### WHAT THIS TASK INVOLVES
Each line from the one bearing "2707 McKinley, Fort Worth, TX 76164" through the last line of the entries below should be returned exactly, with pictures left out.

**** MATERIAL FOR THIS EXERCISE ****

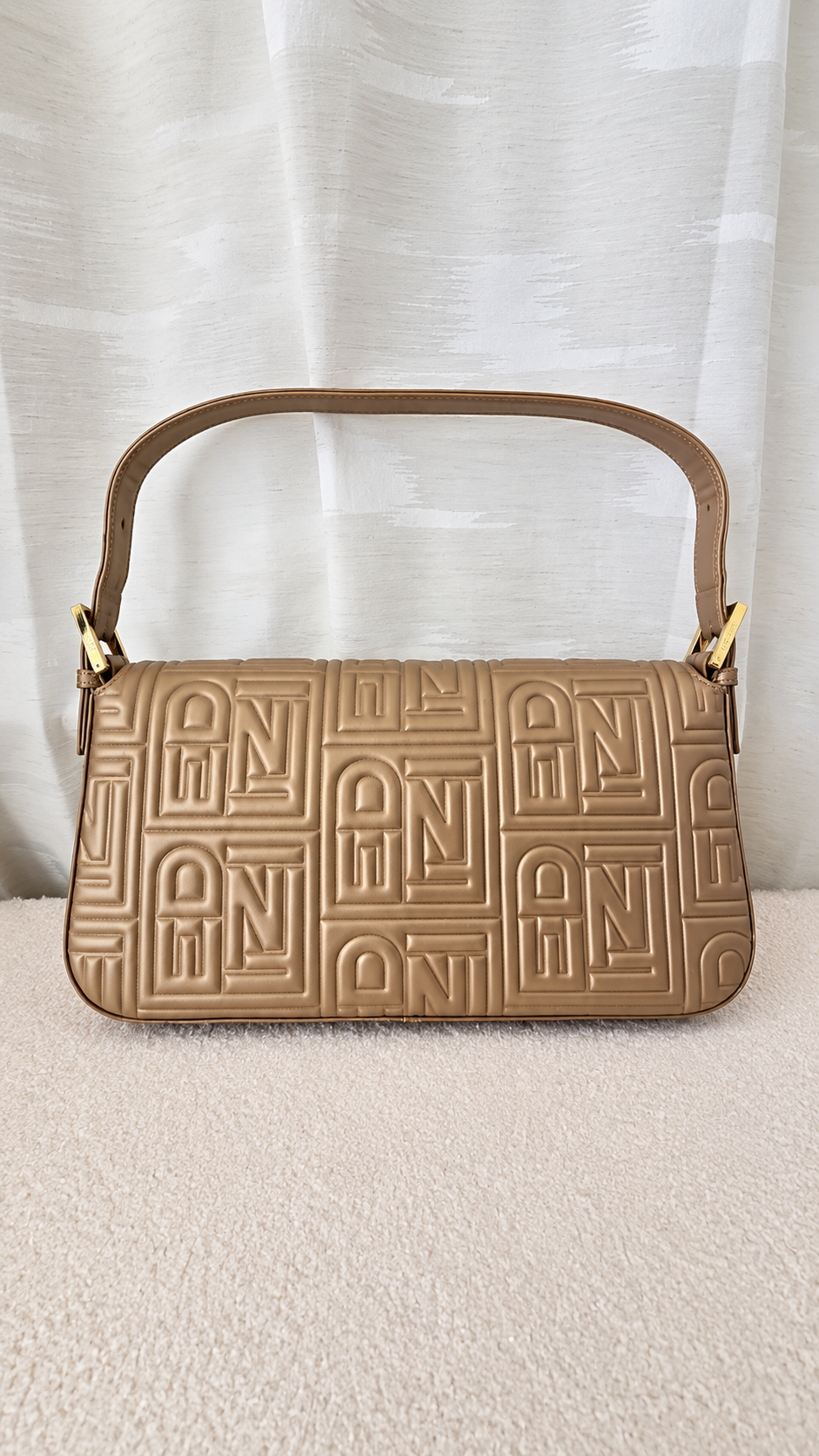 FENDI BAGUETTE NAPPA LOGO EMBOSSED LEATHER SHOULDER BAG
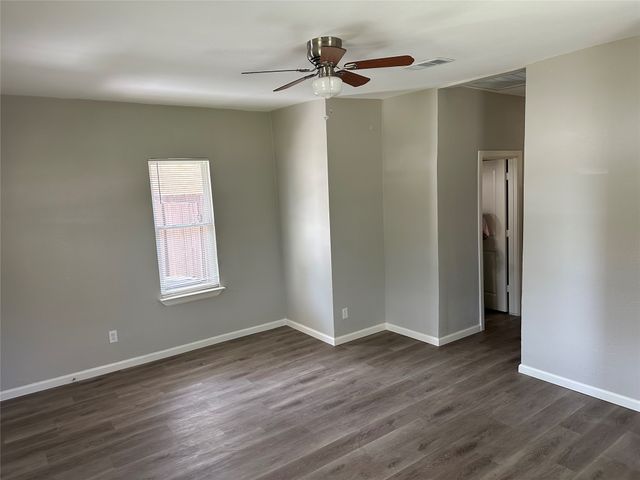 2707 McKinley, Fort Worth, TX 76164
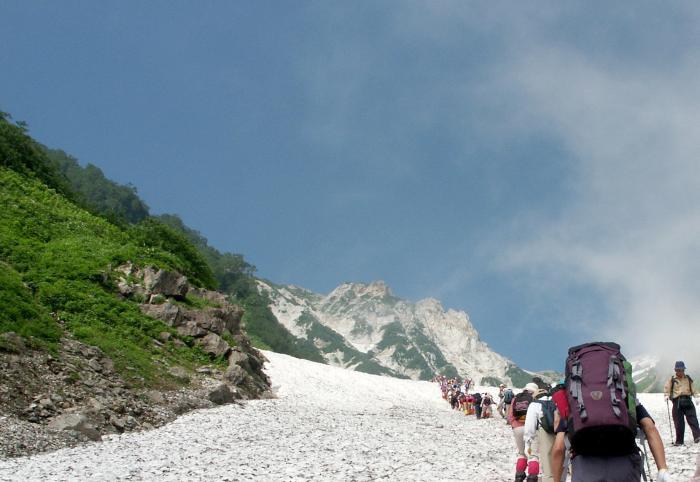 �فX�ƕ����Ă��邤���ɁA�K�X���؂�Ă��܂����I���n�x�ׂ̎ێq�x(2,812m)���ڑO�ɁI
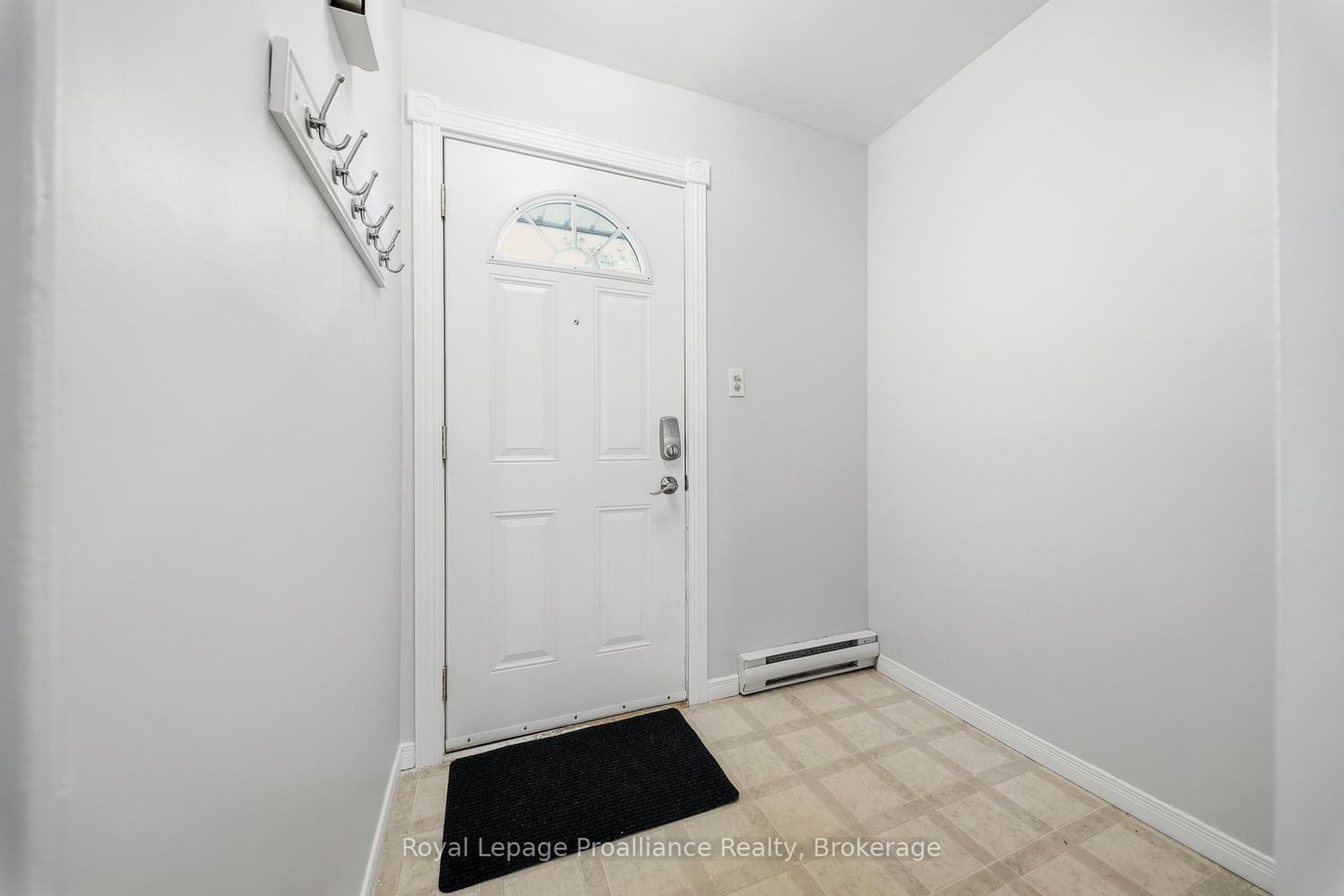 19 Prince of Wales Drive • #B • Belleville, ON photo 5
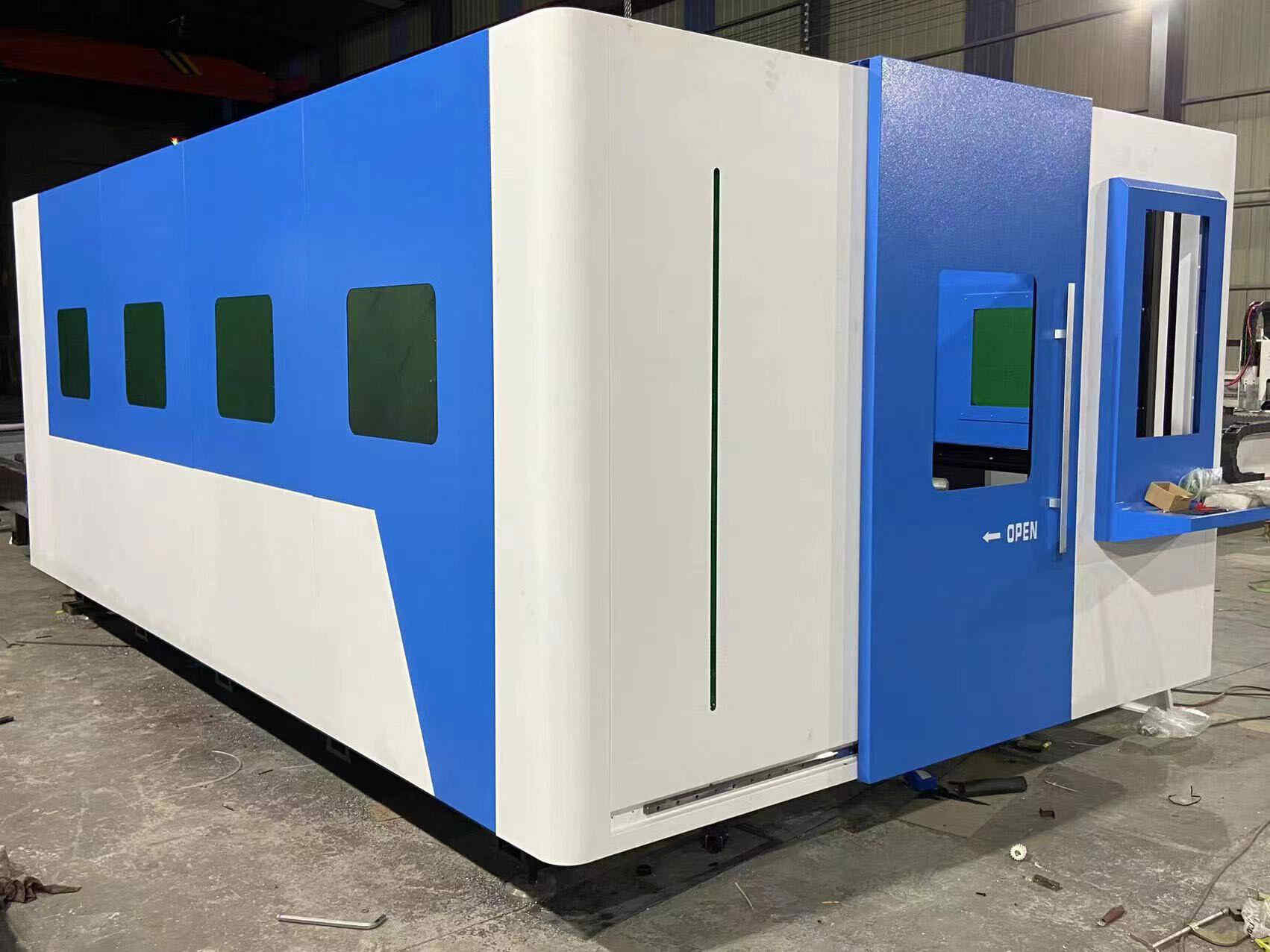 Macchina da taglio laser da 2000 W per metallo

****

### TASK ANSWER
 2707 McKinley, Fort Worth, TX 76164
 �فX�ƕ����Ă��邤���ɁA�K�X���؂�Ă��܂����I���n�x�ׂ̎ێq�x(2,812m)���ڑO�ɁI
 19 Prince of Wales Drive • #B • Belleville, ON photo 5
 Macchina da taglio laser da 2000 W per metallo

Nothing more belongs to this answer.